Caption-style text data:
BEGIN

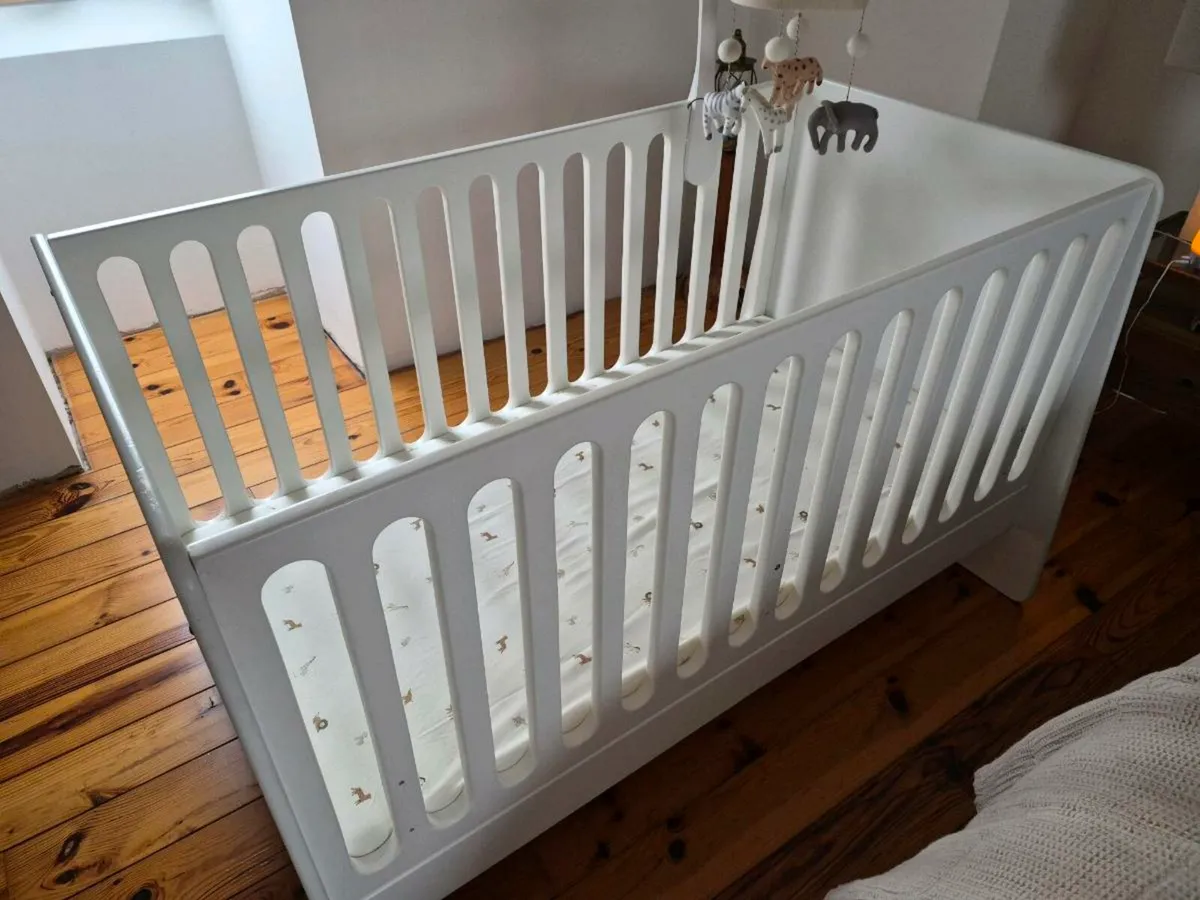 Cot bed - Image 1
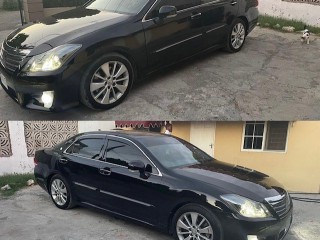 2012 Toyota CROWN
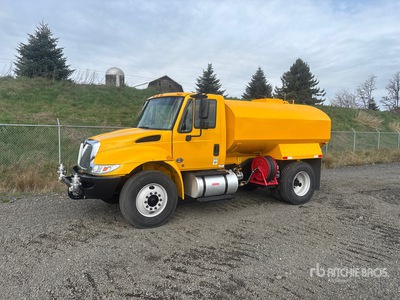 2019 International 4300 2000 gal 4x2 Water Truck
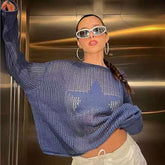 Lockerer Pullover mit Cut-Out-Sternen-Print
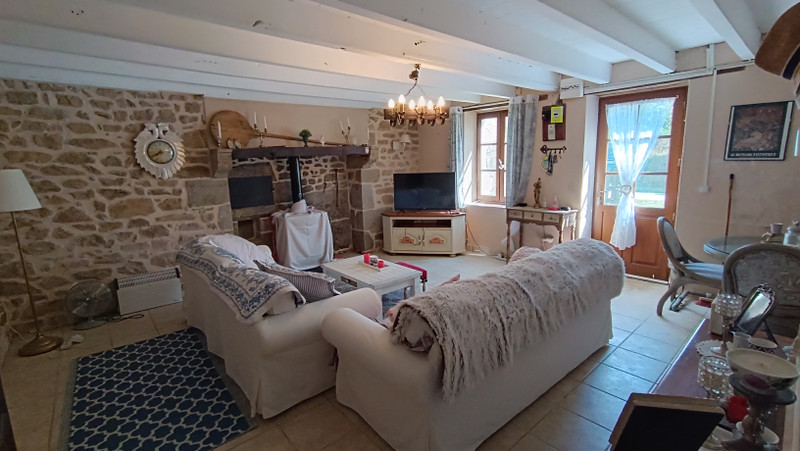 French property for sale in Auzances, Creuse - €85,000 - photo 5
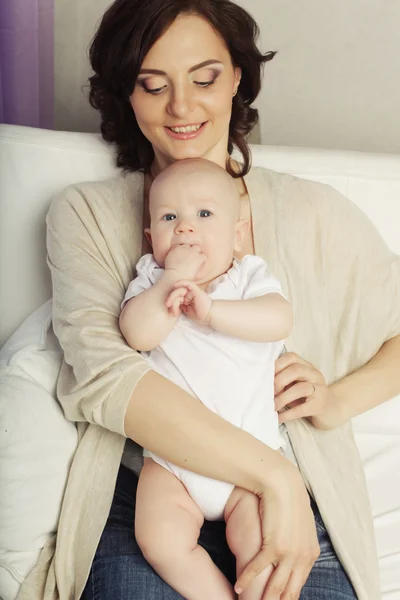 Portret van moeder en baby — Stockfoto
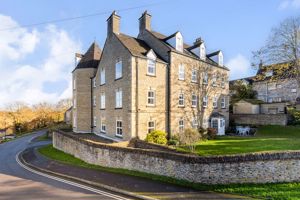 Photo 4- click for photo gallery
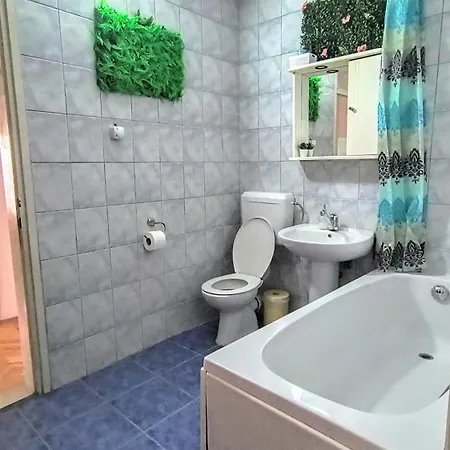 Maya's Place
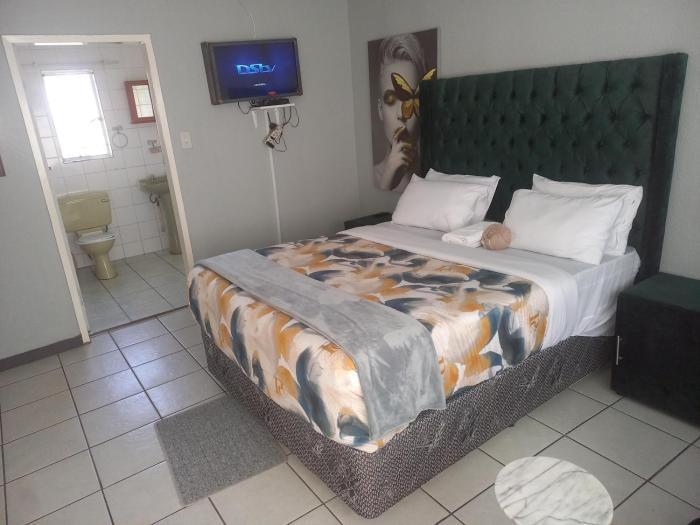 Urban Escape Day and Night Guest House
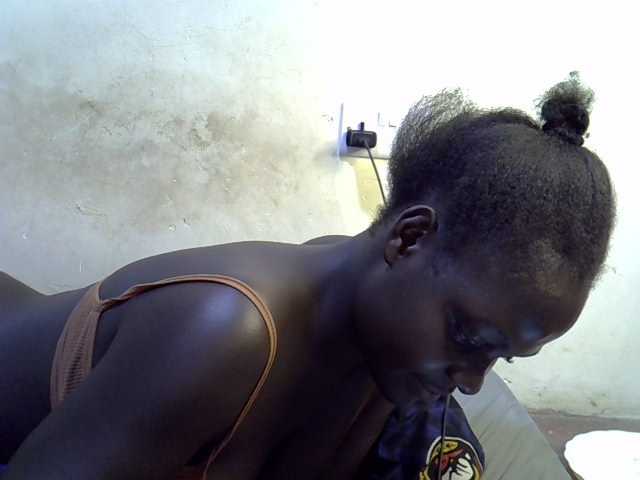 African-qeen1 live cam on BongaCams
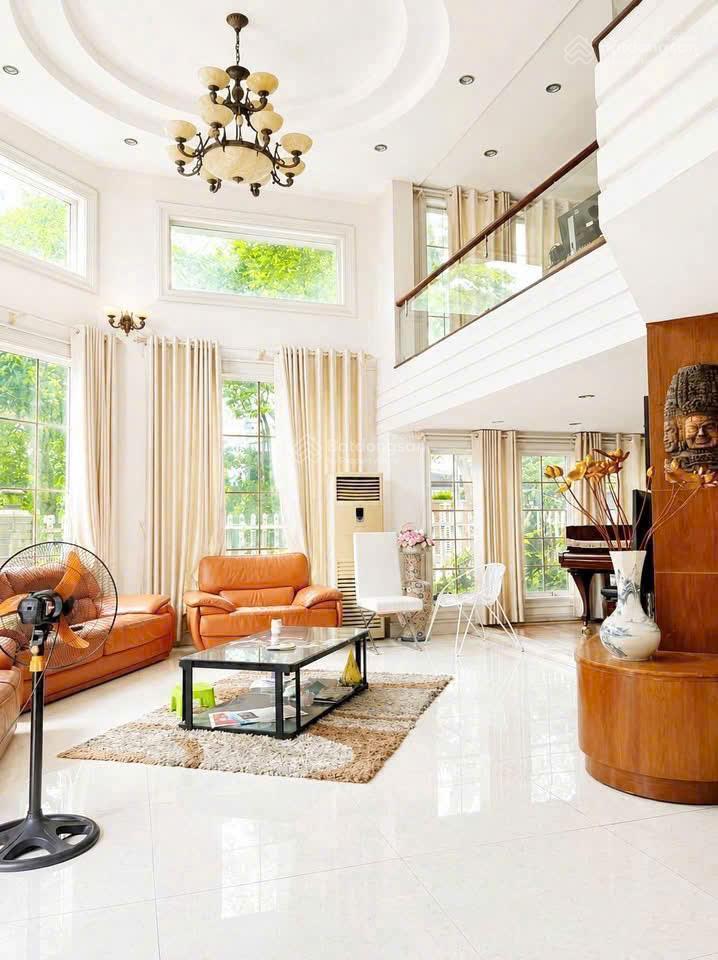 Bán nhà căn góc 2 mặt tiền kdc gia hòa 1t/3 lầu 388m2 cách công viên bờ sông chỉ 30m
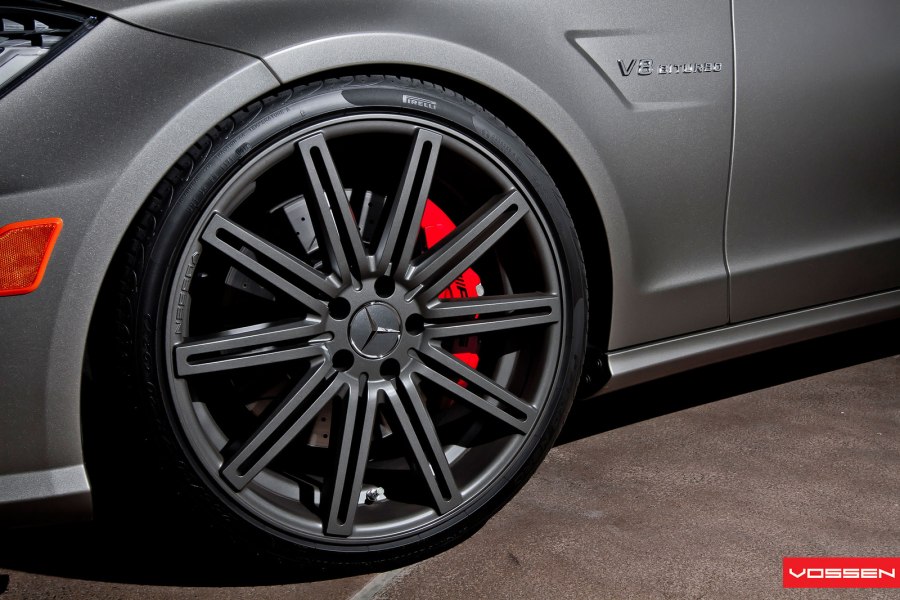 Ауди s5 Vossen черная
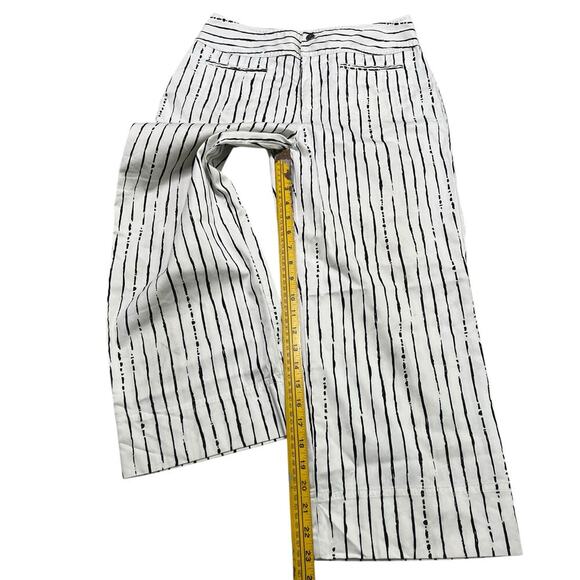 CHICO’S Women’s‎ Black / White Striped Cropped Dress Pants - Plus Size - 1 - Picture 6 of 7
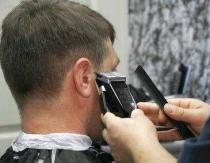 How to cut a man's hair with a clipper yourself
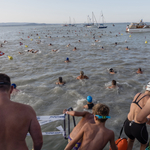 Egy nappal későbbre halasztják a Balaton-átúszást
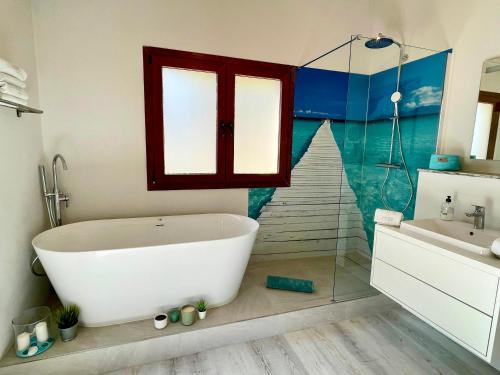 柳奇马约尔Villa Sun Club home的带浴缸、淋浴和盥洗盆的浴室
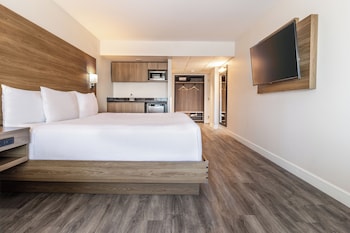 Room, 1 King Bed with Sofa bed, Kitchenette, Corner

END

■ **Your goal**: Give the lines above again exactly, from the one containing "Portret van moeder en baby — Stockfoto" to the one containing "CHICO’S Women’s‎ Black", both included, but leave out the pictures.

■ **Solution to the problem**:
 Portret van moeder en baby — Stockfoto
 Photo 4- click for photo gallery
 Maya's Place
 Urban Escape Day and Night Guest House
 African-qeen1 live cam on BongaCams
 Bán nhà căn góc 2 mặt tiền kdc gia hòa 1t/3 lầu 388m2 cách công viên bờ sông chỉ 30m
 Ауди s5 Vossen черная
 CHICO’S Women’s‎ Black / White Striped Cropped Dress Pants - Plus Size - 1 - Picture 6 of 7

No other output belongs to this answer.